::: Provided data
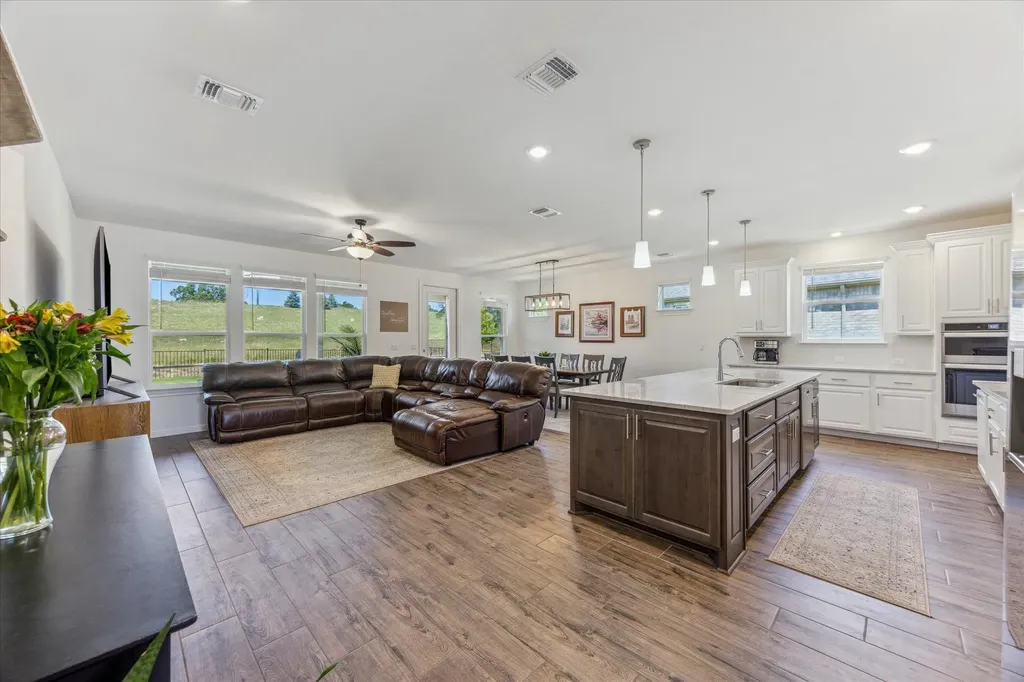 636 Martingale Street Georgetown TX 78633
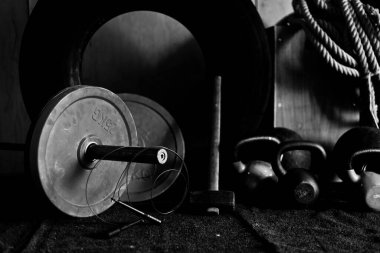 Dramatik ışıklandırmalı spor aletleri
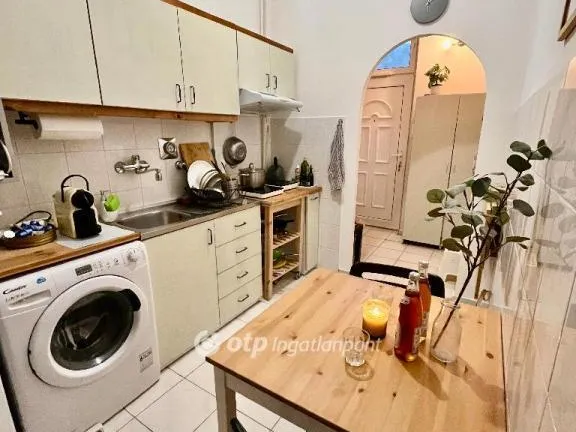 Eladó lakás Budapest VIII. kerület, Józsefváros 30 nm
::::::
Exercise instructions => Would you please write out exactly the lines between the line containing "Dramatik ışıklandırmalı spor aletleri" and the last line of the listing above, inclusive, without pictures?

Exercise output =>
 Dramatik ışıklandırmalı spor aletleri
 Eladó lakás Budapest VIII. kerület, Józsefváros 30 nm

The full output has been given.